Every employment contract will be different, but there are certain common provisions that you'll see again and again. Employees and employers alike should familiarize themselves with the following provisions and what they mean.

Confidentiality agreement: These clauses prevent employees from sharing company trade secrets and other confidential information and intellectual property.

Noncompete agreement: These limit an employee's ability to compete with the company while employed and for a period of time after employment.

Ownership of inventions agreement: If an employee invents something within the course and slope of his or her employment, this provision could ensure that the company will own the invention.

Best efforts agreement: These provisions ensure that employees will do the best job that they can.

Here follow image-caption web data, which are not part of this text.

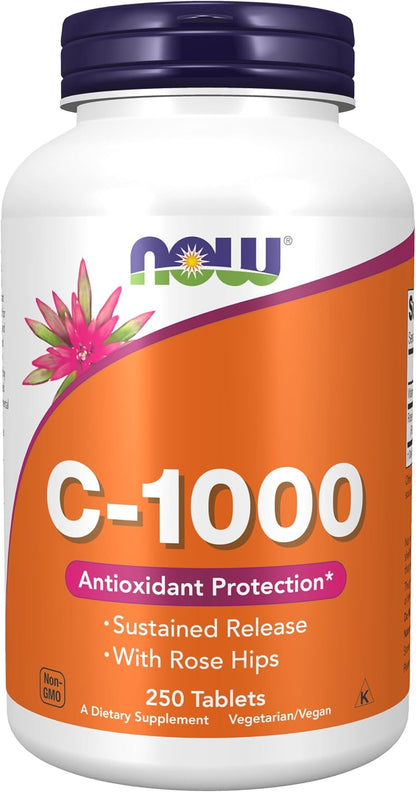 Now Foods Vitamin C-1000 Sustained Release with Rose Hips 250 Tablets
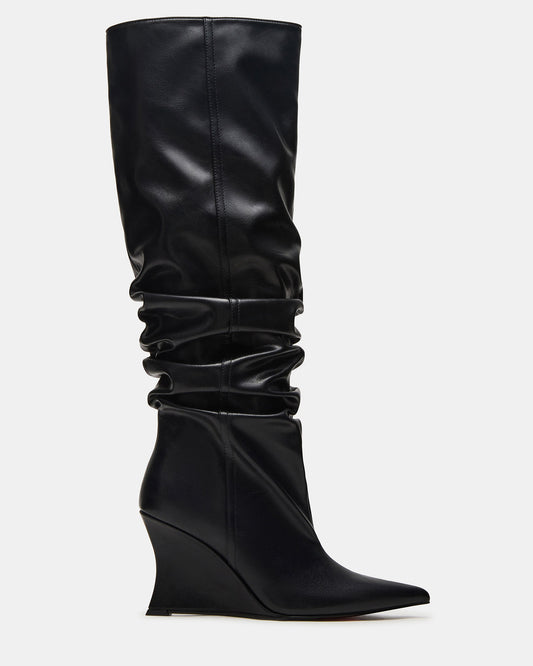 Steve Madden DISTORTION Black Pointed-Toe Scrunched Knee-High Wedge Women's Boot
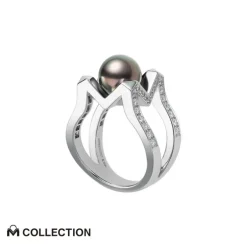 M Collection Black South Sea Cultured Pearl Ring in 18K White Gold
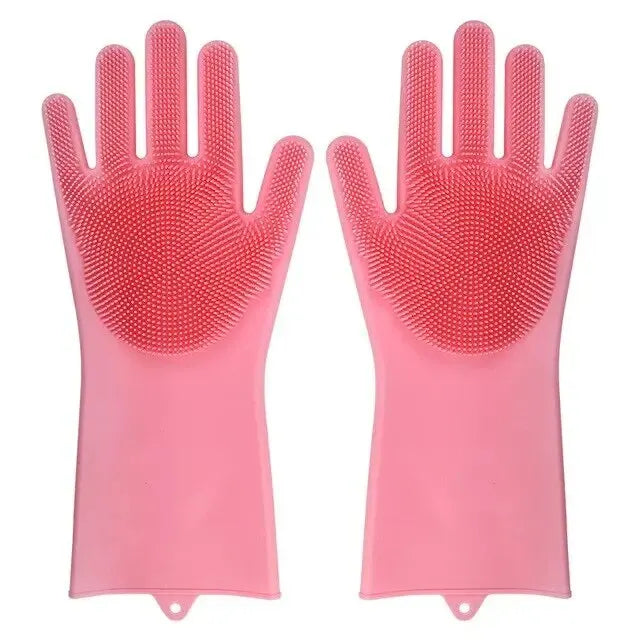 Spül- & Reinigunghandschuhe CleanGlove MagicScrub | Silikon-Handschuhe mit Bürstenstruktur | Hitzebeständig & lebensmittelecht | 32,5×11,5 cm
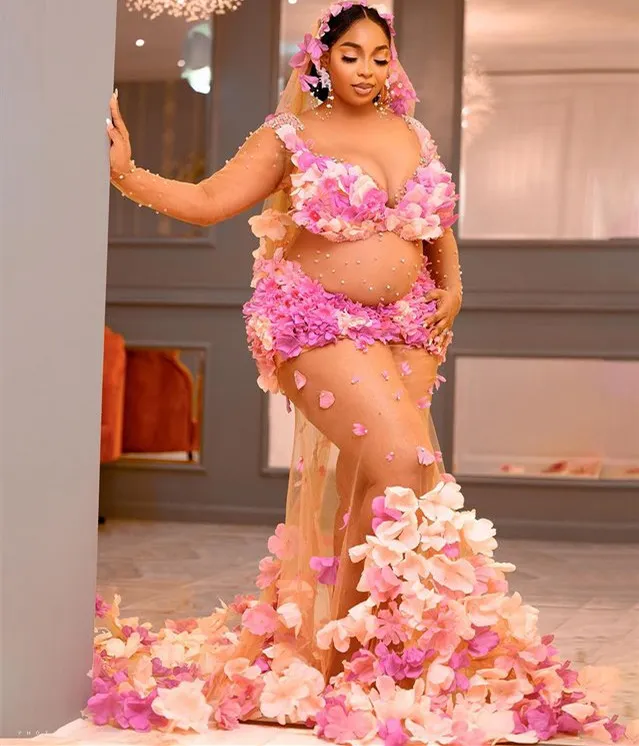 2023 Mai Aso Ebi Luxueux Sirène Robe De Bal Perlé Voir À Travers Soirée Formelle Deuxième Réception Anniversaire Robes De Fiançailles Robe Robe De Soirée ZJ336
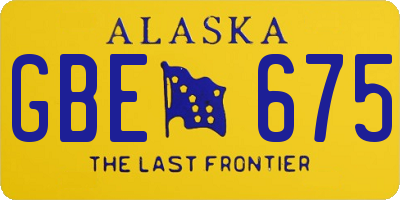 AK license plate GBE675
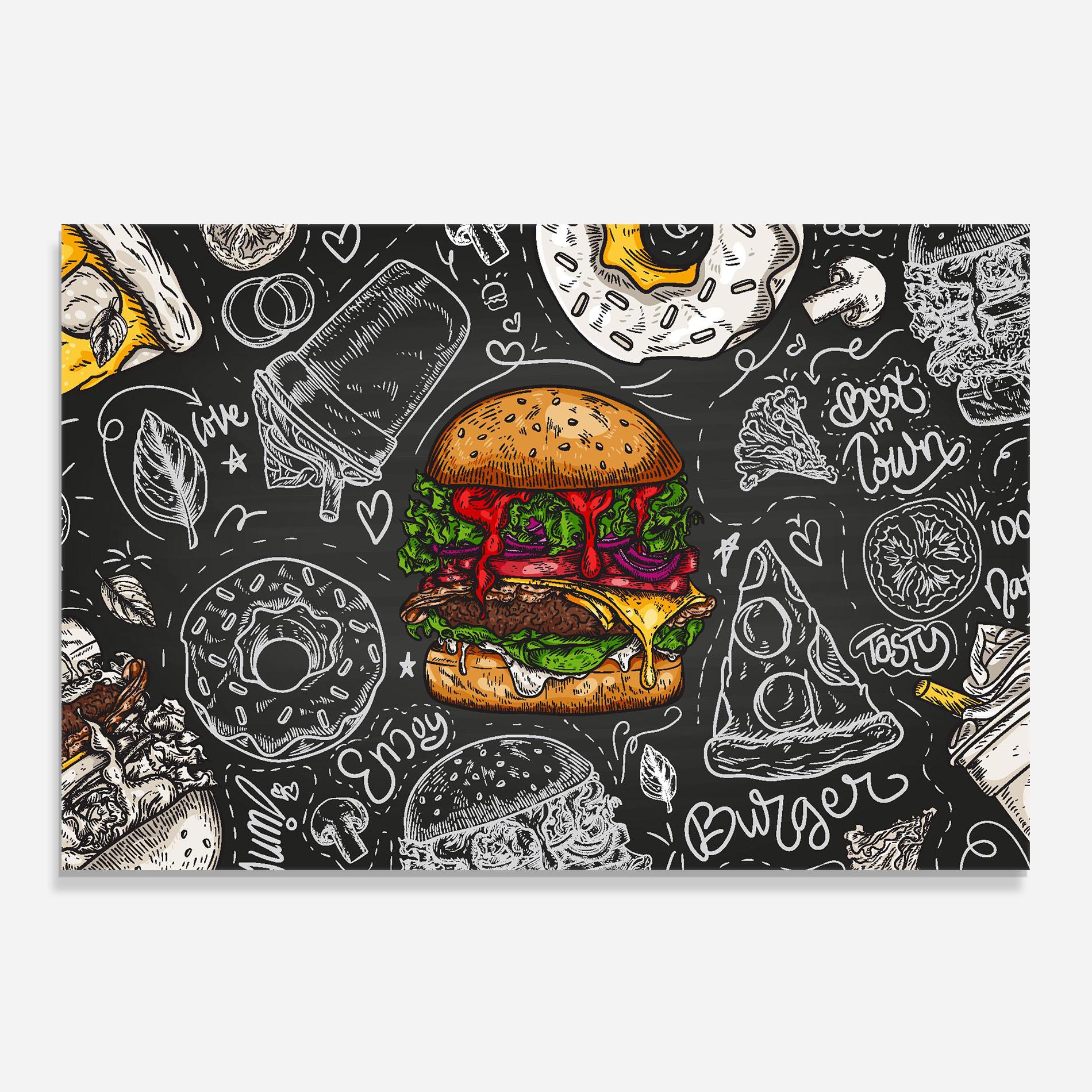 Panel Szklany do Kuchni Color Mix Burger mockup 0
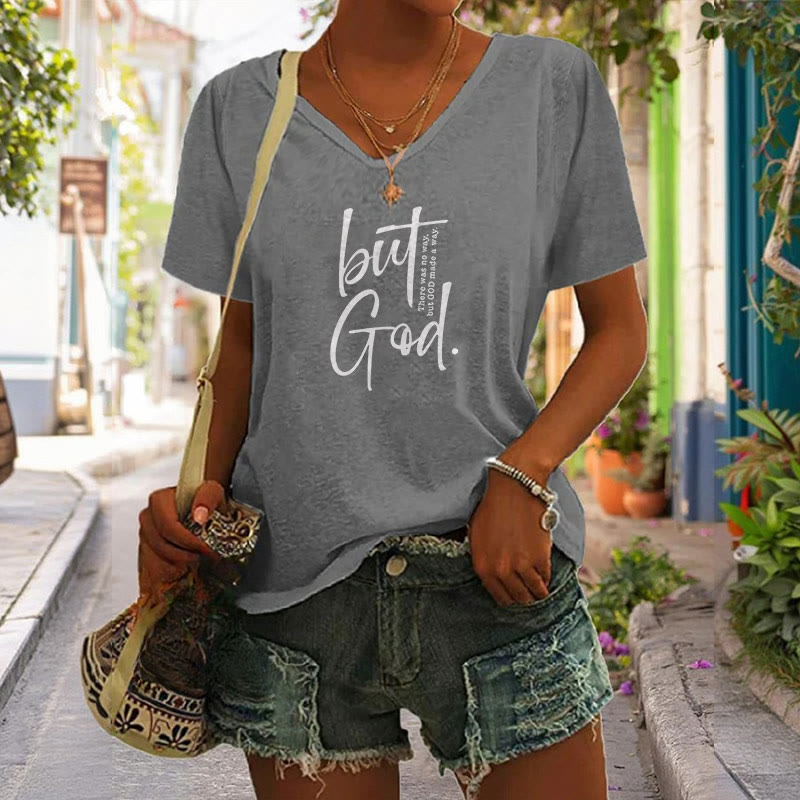 christiandiscipleshop Women's Faith Christian But God Bible Verse Print V-Neck Polyester T-shirt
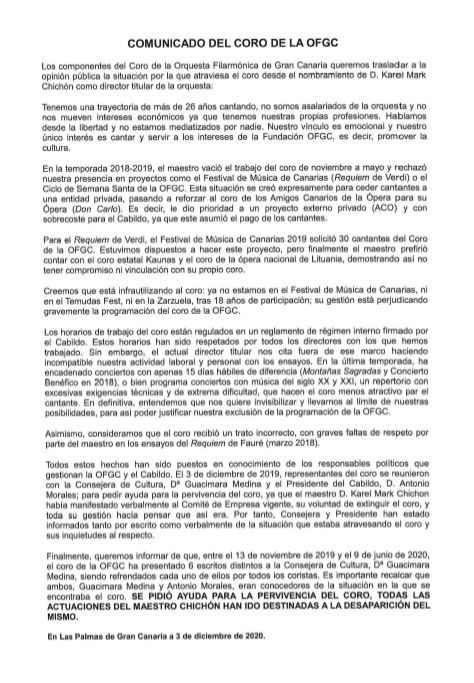 Documento del coro de la OFGC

Exclusive employment agreement: This prevents employees from working in the same or similar capacity for another company in the same business.

No additional compensation agreement: This prevents employees from getting more money for serving on a managing committee or as an elected officer or director of the company.

No authority to contract agreement: This means that the employee cannot enter into a contract on behalf of or as an agent of the company.

Termination agreement: This offers guidelines for terminating the employment contract.

Arbitration agreement: Arbitration clauses require employees and employers to arbitrate any disputes related to the contract instead of going to court to resolve them.

Choice of law agreement: These indicate in which state any employment disputes shall be litigated.

Does your employment agreement have any of the above provisions? Is there another kind of provision contained in your agreement that you don't understand? Whether you're an employer or an employee, make sure that you completely understand the legal implications of any employment agreement and all the provisions it contains before you sign the document.